The Love Has Returned, And So Has The Marital Interest

Many clients are surprised to hear that under North Carolina Law, their spouse is automatically vested with certain marital rights in their individually owned real property - even if they are the only ones on title, and even if the property was acquired before they got married. They are even more surprised to hear that, because of these marital rights, their spouse is going to be required to sign things like a deeds or deeds of trust. These rights vest at the time of marriage and are extinguished at the time of divorce. However, there are times where title holders just want to have completely control over their property and be able to freely convey or encumber the property without having to get their spouse involved. This can easily be done by having the spouse execute a document which waives their marital interest and rights in the property. What happens if the title holder and the spouse get a divorce but later decide to get remarried, what happens then? Is the original waiver of marital interest still valid when it comes to the new marriage? When the title holder and their spouse get a divorce, the marital interest that their spouse had and waived was extinguished. Getting remarried to the same person does not restore the original marriage, it is an entirely new legal relationship. With it comes new marital interest, just like if the title holder went on to marry someone else. This would mean that the document waiving marital interest that their spouse signed during the first marriage is likely not going to be valid during the second marriage, because the marital interest that was waived no longer exists and there is new marital interest. If the title holder wants to once again have free control over the property, a new document will need to be signed by their spouse which waives the new marital interest.

Is there a way around this?
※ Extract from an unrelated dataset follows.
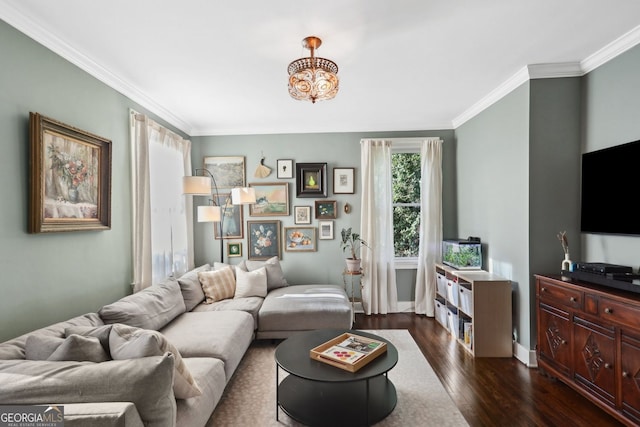 26 Clarendon Ave, Avondale Estates, GA 30002 - living area featuring crown molding, dark wood-style flooring, baseboards, and an inviting chandelier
Yes, with a little bit of creative drafting. A lot of documents that waive marital interest are preemptive in that they account for property that may be acquired in the future as opposed to what is already owned. Some documents like Premarital Agreements are made to deal with property rights in anticipation of an upcoming marriage rather than a current one. With that in mind, a good attorney could include a provision in a document waiving marital interest so that, in the event of divorce and remarriage of the title holder and the same spouse, it is automatically effective as a waiver for the new marital interests of the spouse. Just like a title holder is surprised to find out their spouse automatically has rights to their property, they'd probably be even more surprised if their spouse's waiver of those rights is now useless because they decided to give marriage another chance and are back at square one.